Load the dataset of night, respectively set as varaibles: `train_day`, `train_night`, `valid_day`, `valid_night` 

In [4]:
train_day, train_day_paths = load_images('night', 'train_ref')
train_night, train_night_paths = load_images('night', 'train')
valid_day, valid_day_paths = load_images('night', 'val_ref')
valid_night, valid_night_paths = load_images('night', 'val')

## EDA
Let'see some sample day and night images

In [5]:
import matplotlib.pyplot as plt
import cv2
%matplotlib inline

In [6]:
img_day = cv2.imread(str(train_day_paths[0]))
img_night = cv2.imread(str(train_night_paths[0]))

In [7]:
# Resizing image to height and width of 500
img_day = cv2.resize(img_day, (500,500))
img_night = cv2.resize(img_night, (500,500))

In [8]:
# Converting from BGR format to RGB format for visualization
day_rgb = cv2.cvtColor(img_day, cv2.COLOR_BGR2RGB)
night_rgb = cv2.cvtColor(img_night, cv2.COLOR_BGR2RGB)

In [9]:
# Visualizing images using matplotlib
fig, ax = plt.subplots(1,2,figsize=(10,15))
ax[0].imshow(day_rgb)
ax[0].set_title('Day')
ax[1].imshow(night_rgb)
ax[1].set_title('Night')

Images taken during day are generally brighter than images taken during night. We can use this fact to build a simple baseline model.

For this, we need to get the average brightness in an image. RGB image does not help much in this case.

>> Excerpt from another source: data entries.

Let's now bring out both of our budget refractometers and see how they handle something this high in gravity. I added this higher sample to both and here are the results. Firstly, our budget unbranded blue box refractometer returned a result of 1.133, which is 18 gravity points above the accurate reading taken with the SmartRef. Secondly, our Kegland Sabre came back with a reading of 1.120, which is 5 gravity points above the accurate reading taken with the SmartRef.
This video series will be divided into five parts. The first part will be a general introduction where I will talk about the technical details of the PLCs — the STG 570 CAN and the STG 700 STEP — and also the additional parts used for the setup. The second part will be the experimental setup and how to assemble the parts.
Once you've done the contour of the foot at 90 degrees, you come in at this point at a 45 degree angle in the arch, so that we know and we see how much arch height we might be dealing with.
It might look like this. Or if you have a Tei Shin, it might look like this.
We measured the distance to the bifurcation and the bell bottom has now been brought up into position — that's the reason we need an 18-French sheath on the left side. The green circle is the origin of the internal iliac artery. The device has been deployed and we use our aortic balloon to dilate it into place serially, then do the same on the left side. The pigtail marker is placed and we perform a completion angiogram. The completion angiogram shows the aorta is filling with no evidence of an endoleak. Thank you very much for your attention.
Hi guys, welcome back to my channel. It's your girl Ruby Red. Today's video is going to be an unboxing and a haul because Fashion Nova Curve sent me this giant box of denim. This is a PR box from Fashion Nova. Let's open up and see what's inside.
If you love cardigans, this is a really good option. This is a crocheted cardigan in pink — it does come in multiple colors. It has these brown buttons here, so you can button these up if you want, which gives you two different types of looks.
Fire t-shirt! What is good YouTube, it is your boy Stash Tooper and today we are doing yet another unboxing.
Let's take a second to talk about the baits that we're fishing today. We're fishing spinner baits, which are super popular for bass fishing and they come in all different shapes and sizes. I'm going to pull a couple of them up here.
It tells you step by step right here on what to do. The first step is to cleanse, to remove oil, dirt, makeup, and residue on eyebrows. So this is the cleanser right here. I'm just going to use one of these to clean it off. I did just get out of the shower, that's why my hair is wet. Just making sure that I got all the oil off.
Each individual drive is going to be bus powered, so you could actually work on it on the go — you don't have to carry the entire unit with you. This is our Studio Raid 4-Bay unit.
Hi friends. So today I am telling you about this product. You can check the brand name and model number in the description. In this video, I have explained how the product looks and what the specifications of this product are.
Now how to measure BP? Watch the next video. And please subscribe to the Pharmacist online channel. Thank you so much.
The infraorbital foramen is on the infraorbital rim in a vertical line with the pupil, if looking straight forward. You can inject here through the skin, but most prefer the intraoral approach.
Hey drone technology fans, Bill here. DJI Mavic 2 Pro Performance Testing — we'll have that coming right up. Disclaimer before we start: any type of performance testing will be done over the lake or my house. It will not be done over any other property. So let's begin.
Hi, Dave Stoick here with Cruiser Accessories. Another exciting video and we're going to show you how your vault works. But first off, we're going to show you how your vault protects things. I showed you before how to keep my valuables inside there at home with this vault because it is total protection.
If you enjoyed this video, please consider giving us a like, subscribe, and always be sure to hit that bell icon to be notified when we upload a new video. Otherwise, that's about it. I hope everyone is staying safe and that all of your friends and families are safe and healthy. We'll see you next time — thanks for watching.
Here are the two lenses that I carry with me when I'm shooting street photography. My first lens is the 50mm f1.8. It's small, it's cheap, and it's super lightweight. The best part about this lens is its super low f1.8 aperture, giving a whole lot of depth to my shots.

We can convert the image from RGB colorspace to Hue Saturation Value (HSV) colorspace.
The Value in HSV indicates brightness at different positions. Therefore, utilize image from this colorspace to build a basic classifier.

In [10]:
# converting image to HSV colorspace
day_hsv = cv2.cvtColor(img_day, cv2.COLOR_BGR2HSV)
night_hsv = cv2.cvtColor(img_night, cv2.COLOR_BGR2HSV)

In [11]:
# Visualizing images using matplotlib
fig, ax = plt.subplots(1,2,figsize=(10,15))
ax[0].imshow(day_hsv)
ax[0].set_title('Day')
ax[1].imshow(night_hsv)
ax[1].set_title('Night')

I don't think this looks very useful. Maybe we could split the channels and visualize them.

In [12]:
# splitting channels of day and night hsv images
dh, ds, dv = cv2.split(day_hsv)
nh, ns, nv = cv2.split(night_hsv)

In [13]:
fig, ax = plt.subplots(2,3,figsize=(15,10))
ax[0][0].imshow(dh)
ax[0][0].set_title('Hue')
ax[0][1].imshow(ds)
ax[0][1].set_title('Saturation')
ax[0][2].imshow(dv)
ax[0][2].set_title('Value')

ax[1][0].imshow(nh)
ax[1][0].set_title('Hue')
ax[1][1].imshow(ns)
ax[1][1].set_title('Saturation')
ax[1][2].imshow(nv)
ax[1][2].set_title('Value')

It seems like that the **Value** channel has higher pixel values where image is bright.

## Baseline model (Average brightness)

Now find average brightness of day and night images, and we can use this as threshold to classify images.

In [14]:
def avg_brightness(path):
    ''' Return average brightness of each image in a dataset
    
    Args:
        path (string): The path of the dataset
        
    Returns:
        avg_brightness(list): the average brightness of each image
    '''
    avg_brightnesses = []
    for curr_file in path:
          img = cv2.imread(str(curr_file)) # reading img 
          img = cv2.resize(img, (500, 500)) # resizing image
          img = cv2.cvtColor(img, cv2.COLOR_BGR2HSV) # converting to hsv
          avg_bright = np.mean(img[:, :, 2]) # calculating average value of Value channel from HSV image
          avg_brightnesses.append(avg_bright) # appending to array
    return avg_brightnesses

In [15]:
# lists to store avg. brightness from Value channel of each image
day_brightness, night_brightness = [], []
day_brightness = avg_brightness(train_day_paths)
night_brightness = avg_brightness(train_night_paths)

In [16]:
# calculating average brightness
day_avg_brightness = sum(day_brightness)/len(day_brightness)
night_avg_brightness = sum(night_brightness)/len(night_brightness)
day_avg_brightness, night_avg_brightness

In [17]:
def ratio_over_thre(array, threshold):
    array_over_thre = np.array(array) > threshold
    return sum(array_over_thre)/len(array)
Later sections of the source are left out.